Supplied information section start

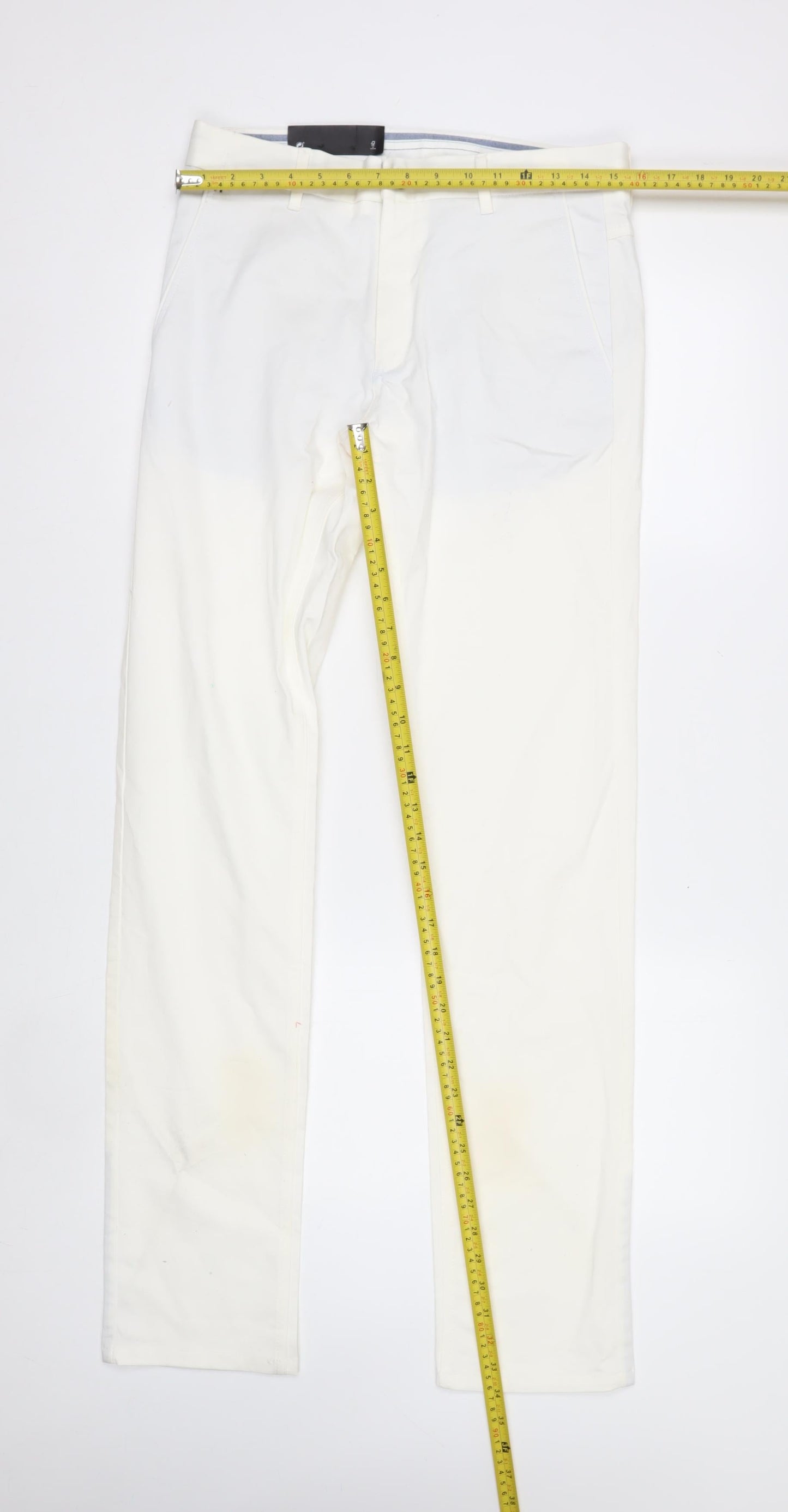 Zara Man White Slim Fit Chino Trousers Size 30 Men's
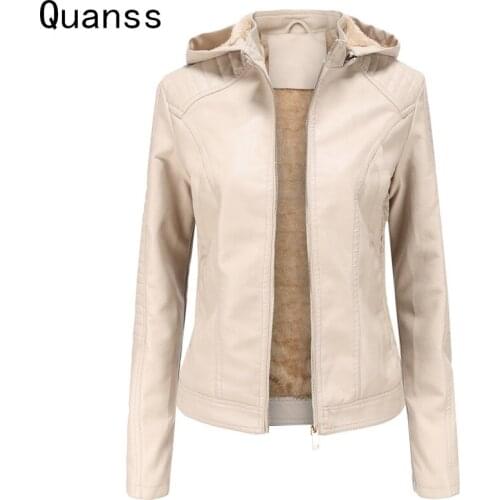 Quanss Winter Warm Velvet Hooded Soft Pu Faux Leather Jacket Women Fashion Solid Color Zipper Slim Thick Coats And Jackets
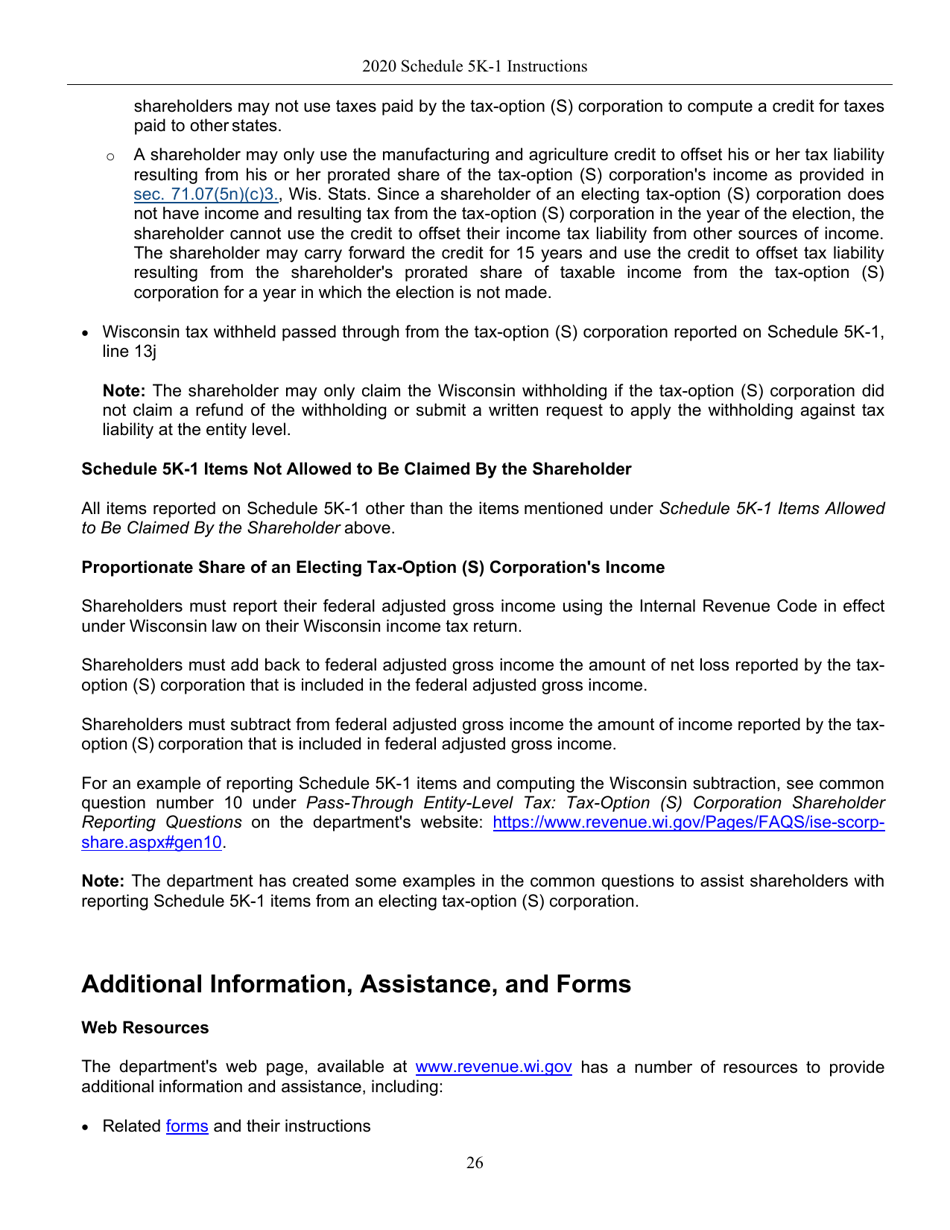 Instructions for Form IC-056 Schedule 5K-1 Tax-Option (S) Corporation Shareholders Share of Income, Deductions, Credits, Etc. - Wisconsin, Page 26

Supplied information section end

● What you will do
Transcribe the material exactly, and leave out whatever pictures it holds.

● Final answer
 Zara Man White Slim Fit Chino Trousers Size 30 Men's
 Quanss Winter Warm Velvet Hooded Soft Pu Faux Leather Jacket Women Fashion Solid Color Zipper Slim Thick Coats And Jackets
 Instructions for Form IC-056 Schedule 5K-1 Tax-Option (S) Corporation Shareholders Share of Income, Deductions, Credits, Etc. - Wisconsin, Page 26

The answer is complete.